The problem begins when people take these kinds of loans for investments into various instruments including equities. Markets have been pretty volatile for last few months and are expected to behave the same for quite some time. So if you planning to take a personal loan and invest in to equities of mutual funds thinking that the markets are at low then think again. The inflation rate has been moving up. The last numbers posted was well above 12%. With the growth in the Gross Domestic Product (GDP) around 8% to 9% the economy may see a negative growth in the current fiscal. The Reserve Bank of India has tried to tighten the liquidity situation by increasing the Cash Reserve Ratio (CRR) by 50 basis points. They may increase it by another 50 to 100 basis points if needed to keep a check on the inflation numbers. The condition worsens if the loan you have taken is on a floating interest rate. You end up losing money in the equity markets and pay more towards the loan at the same time. This is like being the rope in a tug of-war match where both sides are trying to pull you towards themselves to the fullest.

A better way to invest into equity market is by the way of arbitrage. It is buying in the cash market using the loan amount taken and selling it in derivative market by way of futures at a price which is more than the price bought added with the interest amount.
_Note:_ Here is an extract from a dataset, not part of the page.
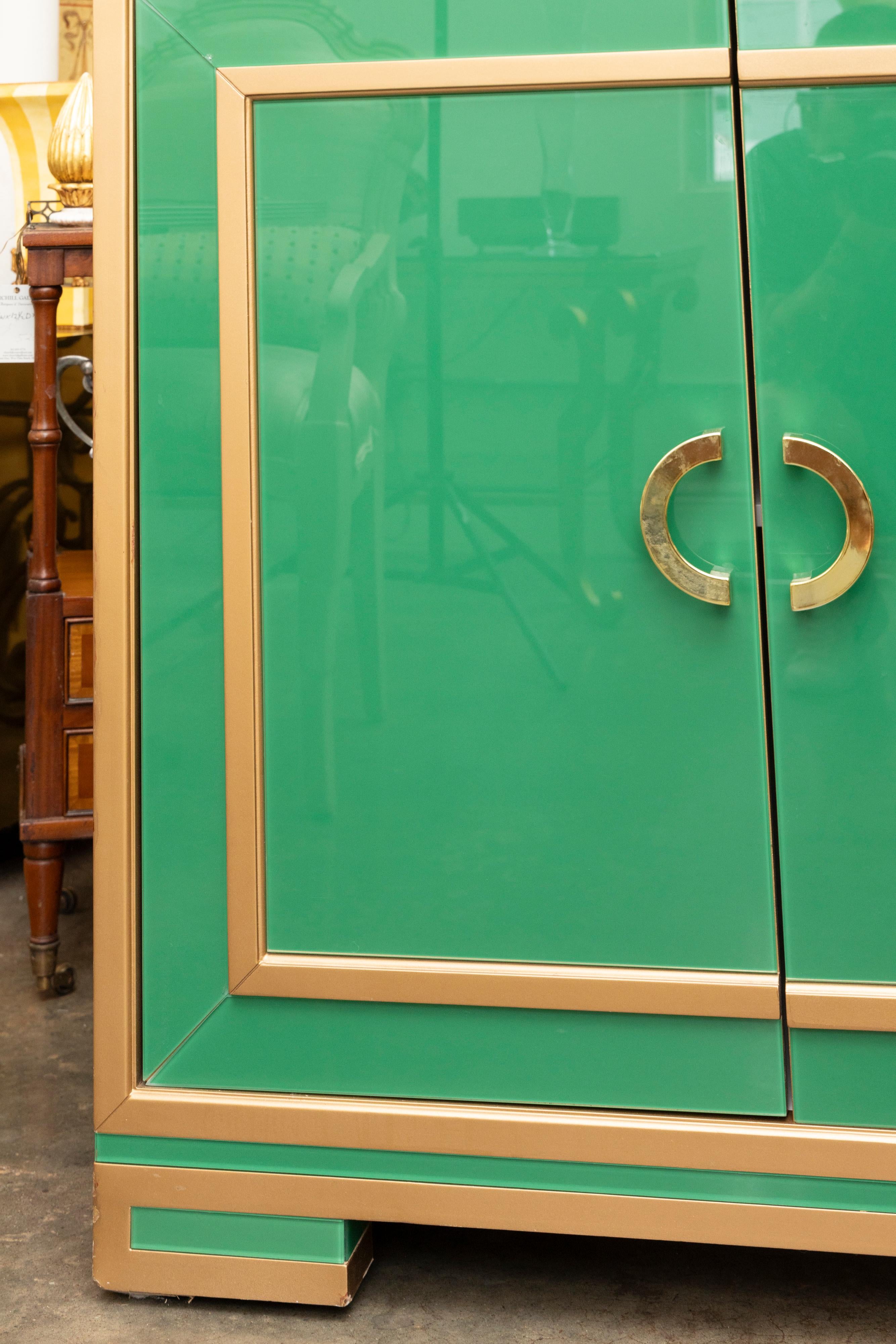 20th Century Green Glass and Brass Cabinet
On the day of maturity you reverse your position on both the markets and difference of the amount over and above the cash market price added with interest on the loan and the price sold in the futures market is your profit.

To explain arbitrage lets take the following example.

One lot of Reliance Industries Limited (RIL) is of 75 shares. Suppose the price of one RIL share is Rs. 2200 on 1st July, 2008. The maturity is on 31st July, 2008. The total amount of loan of 75 shares is (2200*75) = Rs. 165000. If the interest rate is 18% per annum then for one month the amount of interest is (165000*1.5%) = Rs. 2475 which is (2475/75) = Rs. 33 per share. Thus you need to short one lot of Reliance at any price which is more than (2200+33) = Rs. 2233. If you manage to short at a price say Rs. 2250, then you make a profit of (17*75) = Rs. 1275 on one lot which is almost 9.3% per annum. Now no matter what the price is on the expiry, you will manage to earn the amount stated above as you have already squared off your position.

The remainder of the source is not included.